No way, I mouth back. Instead, I reach for a nearby skate aid that resembles a walker, a gizmo used by many of the children. Quickly, I soar between pockets of people, even if my “training wheels” are responsible for this renewed confidence. I’m careful to avoid small bodies that race past, practiced and fearless during Family Skate afternoon at our local arena.
A toddler who grips his own skate aid slides near and extends his arm. Braden is stenciled in black across the front of his white helmet. He’s trying to help me. Then I sigh and accept his mitten-covered hand. With locked hands, Braden and I make a slow loop around the rink, his father following behind.
I rue the iron that overloads his system, the “Celtic Curse” genes bequeathed by ancestors on distant battlefields of lavender darkened by bloodshed, bodies hoarding iron to live another crusade. Today Paul rides into battle with a Honda Civic, not a trusty steed. His arsenal consists of leathers and a welding stinger, not a shield and sword.
He had to sign forms that allowed our health care providers to release test results and instructions to me. Otherwise, in this movement of perceived privacy, people on the other end of the phone won’t even let me set up his appointments.
It’s not that he can’t take care of these details, but I want to be supportive. The seeds of my advocacy were planted through more bouts of unconsciousness and a weekly series of painful needles, needles that poke and mine for iron-rich treasure. Needles that can’t always withdraw enough blood but leave muddy bruises, painful for days.
I have become lead researcher, studying labels to avoid buying iron-enriched products. No easy task as every staple I reach for is heavily fortified, from cereal to bread and pasta. Sayonara to the red meat he loves, and ciao to shellfish. I read bulletin boards written by my new community of iron-overload victims.
“How do you feel?” I ask after each hospital session.
“My chest feels caved in and my back has a weird ache. It’s hard to explain.” He no longer works on phleb days. After the hospital, he eyes our couch like a welcoming pair of arms.
In the dark of night I weep into my pillow, careful not to wake Paul. I worry about him, his future health and freedoms uncertain. Other nights I feel sorry for myself, forced to shelve our plans for a warm desert getaway. In place of travel, we brace ourselves for a grey-white winter of Alberta cold and snow. “Until we get this sorted out,” I say aloud, my mantra.
After lowering his serum ferritin level, Paul should need less frequent “maintenance” sessions and lab work. More selfish thoughts circle, buzzards: no more leisurely evenings dreaming together over a bottle of red wine as the disorder makes him susceptible to cirrhosis.
Paul is more stoic. “Whadya gonna do,” and he’ll shrug. “At least I won’t die like my mom.”
Paul waves me over; we have to leave for the hospital before the lab closes. He needs blood work done again, something about a significant drop in his hemoglobin.
“Dammit, I’m just starting to get the hang of this.”
“So stay, have fun. I’ll pick you up later.”
I face him through the glass. “Are you sure?” He nods. This will be the first time he’ll go on his own, whether for blood work, bloodletting or trips to specialists of hematology and gastroenterology. For ultrasounds and FibroScans.
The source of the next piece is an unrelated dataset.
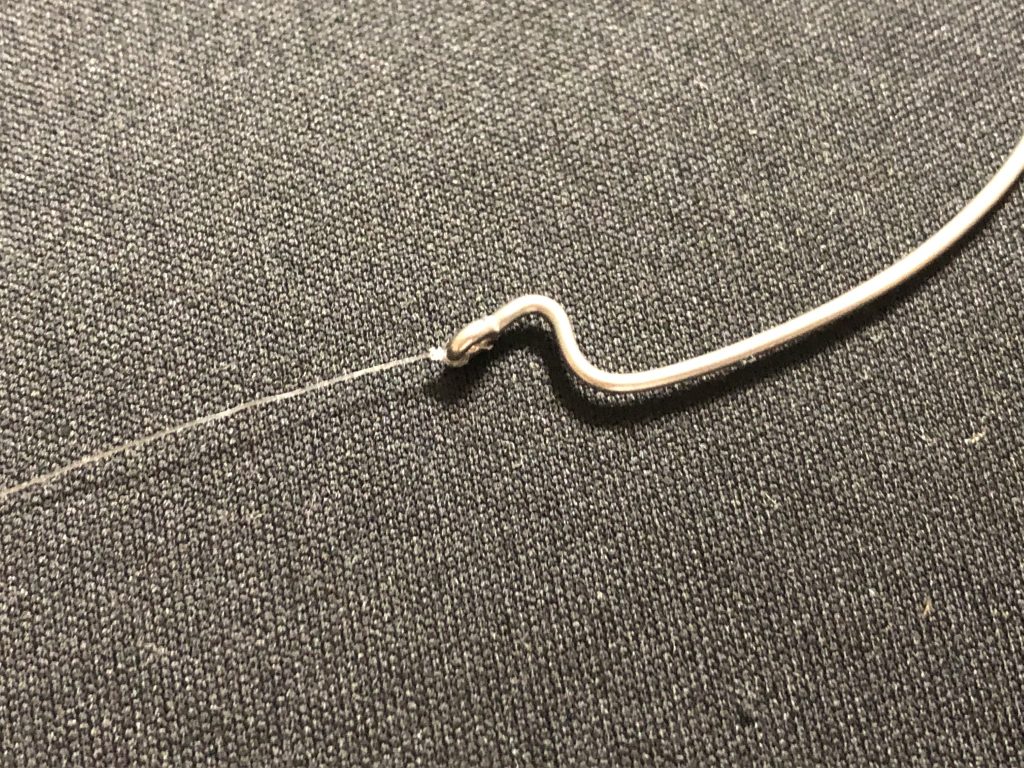 オフセットフックとラインを結ぶ写真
I’ve imagined him going solo, in the event of scheduling conflicts. Cool compresses and warm blankets will envelop his fears – of needles, blood, hospitals – and a familiar face will greet him, call out, “I’m ready for you, my blood brother.” Tall and strong, he’ll walk towards that voice, that needle presented in open palms, an offering.
He leaves me on the ice, waving, and I feel unexpectedly happy, not only that I’m skating, sort of, but that he’s confident to go without me. I watch him walk through the arena door, sloughing off his own training wheels.